Designers of dedicated deduplication devices count on two things that run counter to the announcement of these drives: limited overall disk capacity because of the memory mapping requirements necessary for many deduplication algorithms and lower capacity drives with multiple spindles. Multiple spindles are an advantage because this type of layout increases the overall number of I/O operations on non-sequential disk I/O activity – the type of activity you see in many deduplication systems. It will be interesting to see the impact of these larger drives on the margins of the deduplication device vendors – my bet is that they’ll have to reduce their pricing. My prediction is that we’ll see a strong negative impact on deduplication device vendors from this.

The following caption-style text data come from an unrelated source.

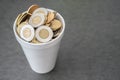 Styrofoam cup full of coins saved for a rainy day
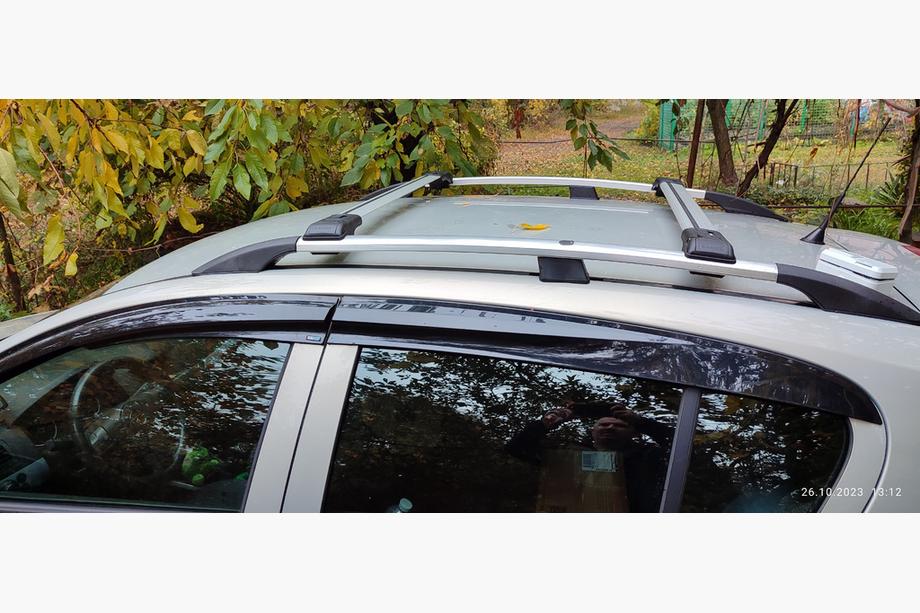 Opel Astra H 2004-2013 Barres de toit pour barres longitudinales standards verrouillables (2 pcs) Gris Image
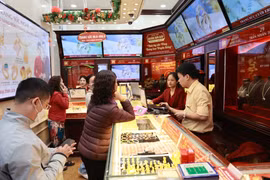 Giá vàng SJC bật tăng mạnh lên gần 82 triệu đồng. (Ảnh: PV/Vietnam+)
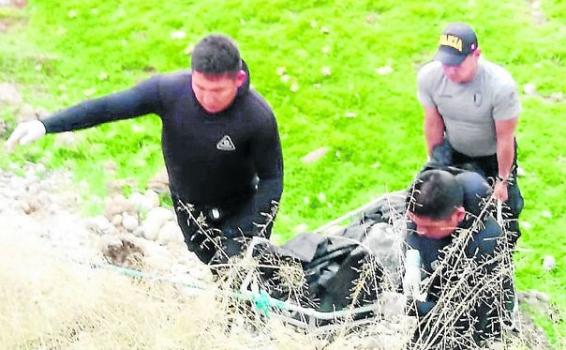 Personas levantando un cadaver del rio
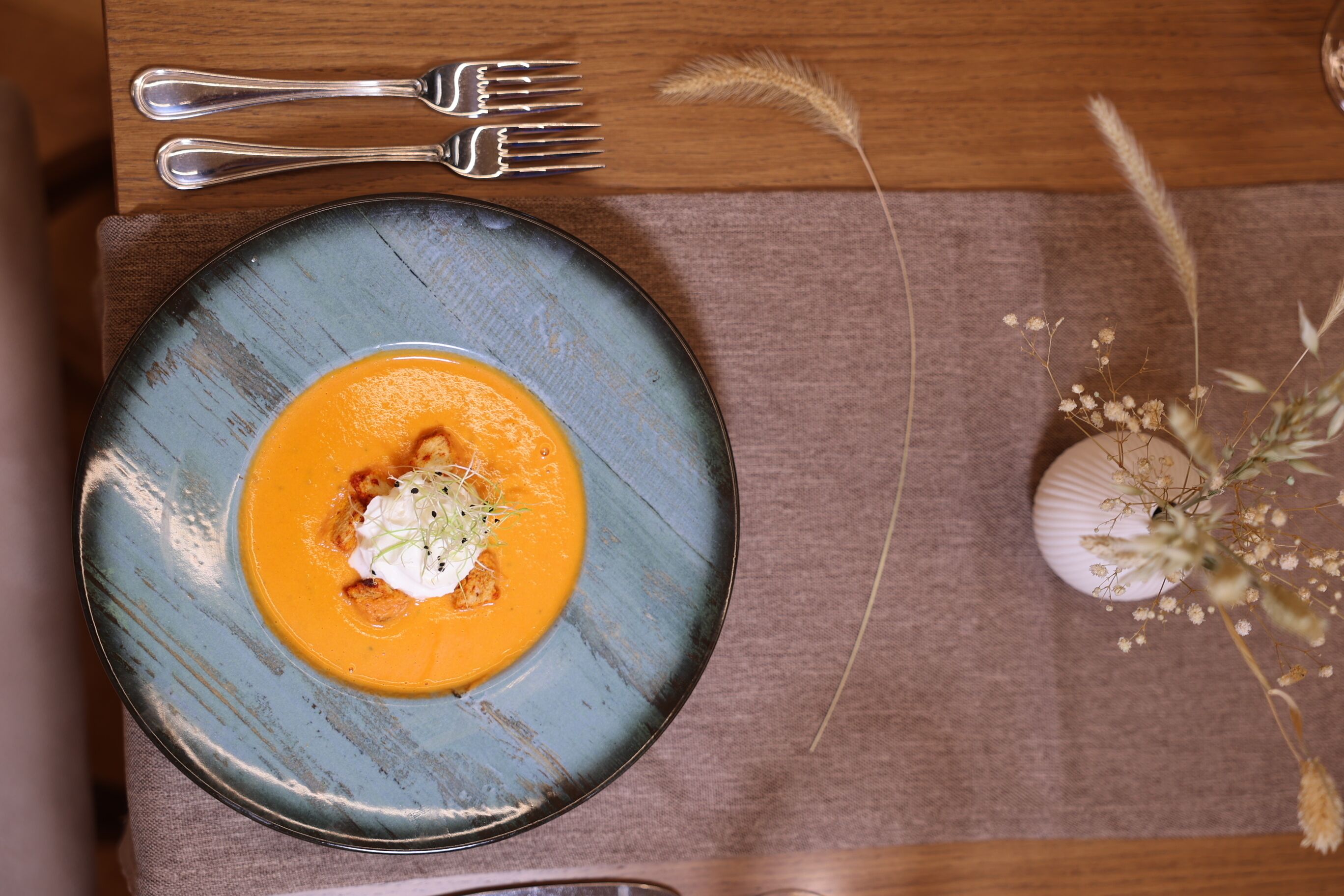 Un plato de sopa con guarnición, acompañado de un tenedor y una cuchara sobre una mesa de madera.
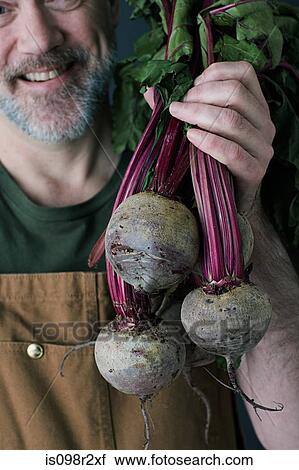 Stock Image - Man with beetroot. Fotosearch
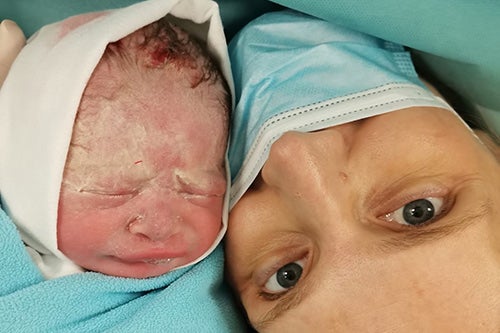 A newborn baby is placed alongside its mother, who is wearing a facemask.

Many people predicted margin pressure when software-only backup vendors came out with their own versions of deduplication. While there certainly appears to have been some degree of impact, I believe this impact has been muted by the fact that typically the software-only deduplication vendors don’t exhibit very good data reduction ratios due to typical hardware limitations of the backup server.
However, 3TB drives, particularly if these devices are competitive on a price per gigabyte basis, in effect mean that users who move from 1.5TB drives to 3TB drives are seeing an effective 2X increase in retention (in the case of a backup appliance) with absolutely no impact on ingest rates, recovery times, and with no need for an increased spend on processor, memory, and I/O subsystems.